Im Sommer 2013 startete ich meinen Medienblog „Der Freigeber“ 3, um Einblicke in die Medienwelt zu geben, auf herausragende Projekte aufmerksam zu machen und dergleichen. Wenige Monate später folgte mein Blog „Brehl backt!“ 4, bei dem sich alles um Genuss mit gutem Gewissen, Bio-Lebensmittel, ökologische Landwirtschaft, leckere Rezepte und Bio-Nachrichten aus meiner Region dreht. Dazu in einem späteren Kapitel mehr. 2015 erschien der Nachfolger meines bereits erwähnten Burnout-Buchs mit dem Titel „Herzensfolger – Sich treu bleiben im Beruf: Zwischen ökonomischem Zwang und dem Traum vom Gemeinwohl“. 5Ein Jahr später landete „Regionale Biolebensmittel – Gesundes und Köstliches aus Fulda, Rhön, Vogelsberg und Nordhessen“ 6in den Bücherregalen.

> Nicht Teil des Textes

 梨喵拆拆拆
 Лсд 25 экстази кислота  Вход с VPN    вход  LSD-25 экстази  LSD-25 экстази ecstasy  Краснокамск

Rückblickend bin ich froh, in die Medienbranche gestolpert zu sein, auch wenn sie viele Schattenseiten aufweist. Meinen Beruf liebe ich von ganzem Herzen, denn ich habe die Lizenz ständig Fragen zu stellen, lerne immer wieder neue Menschen kennen und darf in viele Bereiche blicken, die mir sonst nicht zugänglich wären. Doch ist nicht alles Gold was glänzt: Viele technische Neuerungen erleichtern den Arbeitsalltag, doch die ganze Branche befindet sich im Umbruch. Bei Tageszeitungen brechen die verkauften Auflagen ein, wobei etliche Medienhäuser zeitgleich (zu) wenig mit ihren Internetauftritten verdienen. Journalismus ist vielerorts zur Massenware auf dem Grabbeltisch geworden. Dabei brauchen Recherchen neben Zeit vor allem auch Geld. So bin ich mit meiner Berufswahl in mehrere Spannungsfelder geraten: Sollten Informationen keine Verkaufsware, sondern als Gemeingüter für alle frei zugänglich sein? Wie verdiene ich mit meinen Blogs Geld, wenn Leser es gewohnt sind, im Internet gratis lesen zu können? Und möchte ich mir eigentlich ständig leidige Diskussionen über meinen Berufsstand antun?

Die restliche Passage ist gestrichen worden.